* [DATA EXTRACT]:
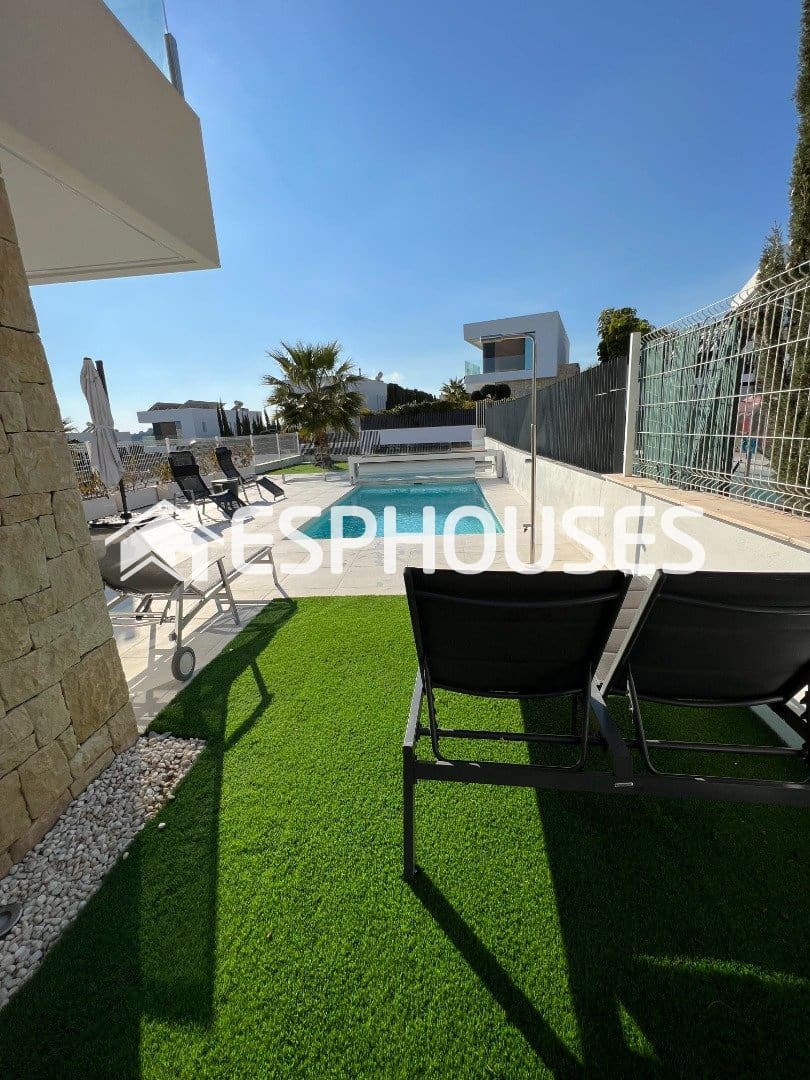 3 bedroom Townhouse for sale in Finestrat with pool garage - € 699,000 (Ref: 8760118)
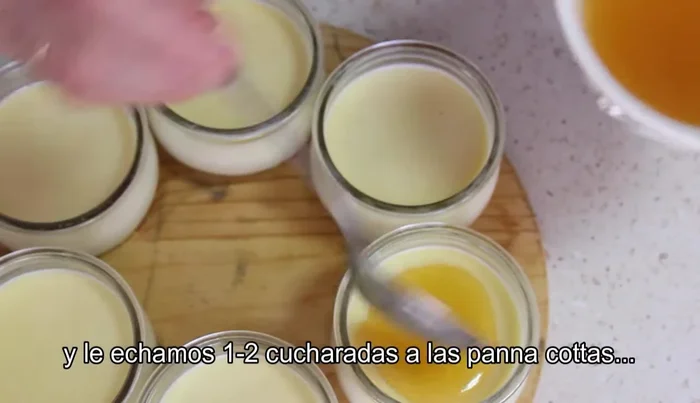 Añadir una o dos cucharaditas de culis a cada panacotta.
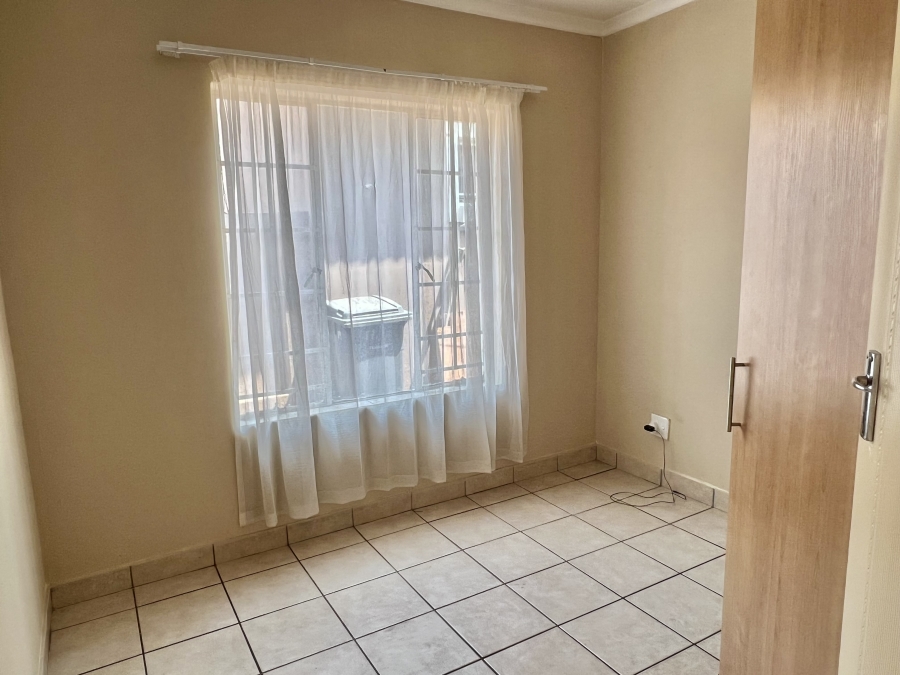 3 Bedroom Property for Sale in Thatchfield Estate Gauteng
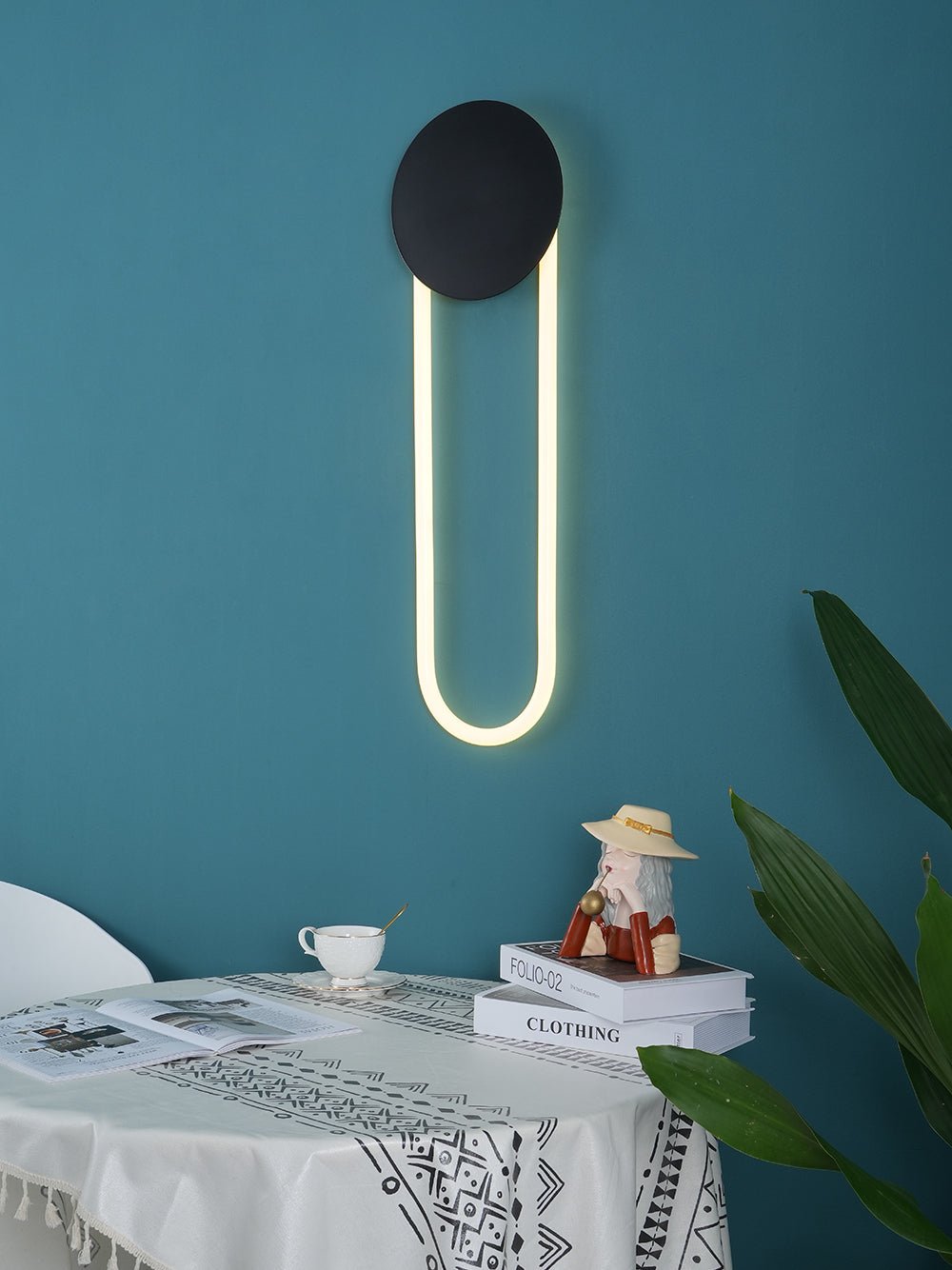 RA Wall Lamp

* [WORK REQUIRED]: Print all the material above exactly, and drop the images.

* [REPLY TO THE TASK]:
 3 bedroom Townhouse for sale in Finestrat with pool garage - € 699,000 (Ref: 8760118)
 Añadir una o dos cucharaditas de culis a cada panacotta.
 3 Bedroom Property for Sale in Thatchfield Estate Gauteng
 RA Wall Lamp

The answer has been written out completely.